Kararın yanlışlığına dair ikaz ve telkinlerimiz maalesef mevcut yönetim tarafından dikkate alınmamıştır. Gösterdiğimiz tepki karşısında ülkemizin iç güvenliği ile ilgili aba altından sopa gösterilmesi ise tam bir hoyratlıktır. Türkiye'nin vatandaşlarının can ve mal varlığını hedef alan açıklamalar kimsenin haddi değildir. Yapılan referandumun hem uluslararası hem de Irak hukuku açısından hiçbir meşruluğu yoktur. Anayasa Mahkemesi, Irak'ta bunu kabul ediyor mu? Etmiyor. Buyur, al, baştan bittin. Attığın adımların hiçbirinin kıymeti yok. Yaptığın iş doğru mu, değil mi? Bunu belgeleyeceksin. Yaptım, oldu yok. Boşta kalırsın. Bu girişim ne bölgedeki Kürt kardeşlerimizin, ne de Irak'ın diğer unsurlarının hayrı olamaz. Gösterilerde açılan bayraklar, bazı ülkeler tarafından yapılan açıklamalar bu işin arkasında kimlerin olduğunu açıkça ortaya koyuyor. Kuzey Irak yönetimi, ellerindeki masumların eksilmeyen kanıyla büyük güçlerin oyununa geliyor. Atalarımız ne demiş; el atına binen tez iner. Bunlar şimdi el atına bindiler. Emin olun Kuzey Irak'ta da yaşanacak olan budur. Kuzey Irak yönetimi, bu fitne ateşini yakmaya maalesef talip olmuştur. Böyle bir girişimin hedefe ulaşma şansı elbette yoktur. Amaç, sürekli kanatılacak bir yara açmak. Kuzey Irak yönetiminden hatalarından gerekli dersleri çıkarıp, bir an önce geri adım atmalarını bekliyoruz. Açıkçası biz, Suriye'de, Irak'ta, Yemen'de onca sorun varken bunlara yenilerini eklenmesini asla istemiyoruz. Bunun için de soğukkanlıyız, kararlılıkla yolumuza devam ediyoruz. Değerli kardeşlerim, Türkiye tüm çalkantılara rağmen hedeflere ulaşma yolundaki kararlı adımları atmata devam etmektedir.

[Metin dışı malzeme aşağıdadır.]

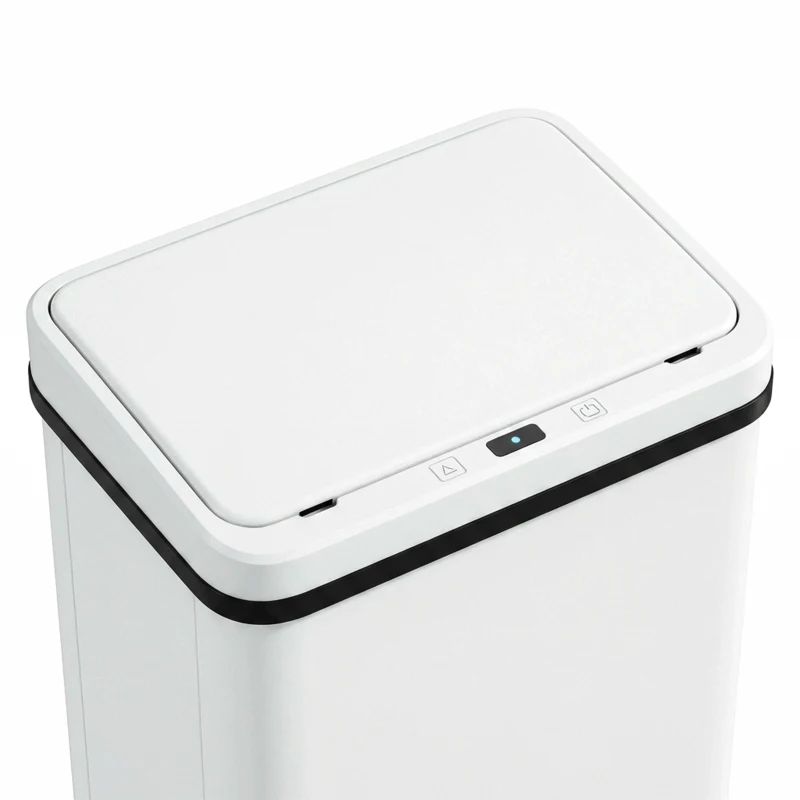 HOMCOM 13.2 Gal (50 L) Automatic Garbage Can w/ Soft-Close Lid, Trash Can with Fingerprint Resistant Stainless Steel, White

"Batı'da ne varsa, Doğu'da da o olsun"
Bizim için PKK neyse FETÖ de olur. Ülkemize ve geleceğimize zarar veren hiçbir örgütü bu topraklarda yaşatmayacağız. Bunu da özellikle ifade etmek istiyorum. Terör örgütlerine destek veren kimse bu devletin suyunu bile hak etmiyor demektir.Bu topraklarda tek bir terörist kalmayana kadar mücadelemizi aralıksız sürdüreceğiz. Devlet olarak bunu yaparken de hukuktan, adaletten asla taviz vermeyeceğiz.
2019 Mart'ta yapılacak yerel seçimlerle Türkiye bir dönüşüm yaşayacak. Ardından kasım ayında milletimiz cumhurbaşkanlığı hükümet sistemine ilişkin kararını verecek. Bu kritik süreçte en büyük desteği biz, siz değerli kanaat önderlerimizden bekliyoruz. Özellikle Doğu, Güneydoğu bütün bu operasyonları yaptığımız, çevre bakımından adımları attığımız bölge. İnsanca yaşamının erdemine erilmesi bakımından şehircilik nedir, bunları buralarda şimdi çok daha farklı bir şekilde görüyoruz. İnsanca yaşamaktan çok uzak şehirler olarak onlara bırakmayı istemedik oraları. Ondan dolayı illerimizde yıkım çalışmaları yaparken, diğer yandan inşa çalışmalarımıza hızla devam ediyoruz. İstedik ki Batı'da ne varsa, Doğu'da da o olsun.